I would create a view over all the tables, which in the future could be the structure for a single table should you decide to consolidate the data.

CREATE VIEW AllTables as
SELECT randomizationGroup, 'Table1' Source, COUNT(*) C FROM Table1 WHERE patid IS NOT NULL GROUP BY randomizationGroup
UNION ALL
SELECT randomizationGroup, 'Table2', COUNT(*) C FROM Table2 WHERE patid IS NOT NULL GROUP BY randomizationGroup
UNION ALL
SELECT randomizationGroup, 'Table3', COUNT(*) C FROM Table3 WHERE patid IS NOT NULL GROUP BY randomizationGroup
UNION ALL
SELECT randomizationGroup, 'Table4', COUNT(*) C FROM Table4 WHERE patid IS NOT NULL GROUP BY randomizationGroup
UNION ALL
SELECT randomizationGroup, 'Table5', COUNT(*) C FROM Table5 WHERE patid IS NOT NULL GROUP BY randomizationGroup
UNION ALL
SELECT randomizationGroup, 'Table6', COUNT(*) C FROM Table6 WHERE patid IS NOT NULL GROUP BY randomizationGroup
UNION ALL
SELECT randomizationGroup, 'Table7', COUNT(*) C FROM Table7 WHERE patid IS NOT NULL GROUP BY randomizationGroup
UNION ALL
SELECT randomizationGroup, 'Table8', COUNT(*) C FROM Table8 WHERE patid IS NOT NULL GROUP BY randomizationGroup
GO

Then, use the PIVOT operator in SQL Server 2005.

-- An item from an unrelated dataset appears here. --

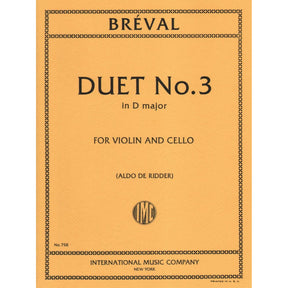 Breval, Jean Baptiste - Duet in D Major Op 19 No 3 for Violin and Cello - Arranged by Ridder - International Edition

SELECT randomizationGroup, Table1,Table2,Table3,Table4,Table5,Table6,Table7,Table8
FROM AllTables P
pivot (sum(C) for Source in (Table1,Table2,Table3,Table4,Table5,Table6,Table7,Table8)) V

I won't say it is faster, but it is certainly an alternative to what you have.

What you've got is basically as good as it gets. This is largely due to the fact that you've got the same type of data in several tables. If you had them in the same table with some sort of type field then you'd be in better shape.

Well not really because then you'd need to pivot the data which ends up with a sum on a case statements unless you're using a DB that has a PIVOT built in.

Of course if you really wanted to you could make a view that does the UNION of the eight tables this if you found yourself needing it but this seems a little over-engineered, since you've got a solution that works (unless there are some requirements that I'm missing).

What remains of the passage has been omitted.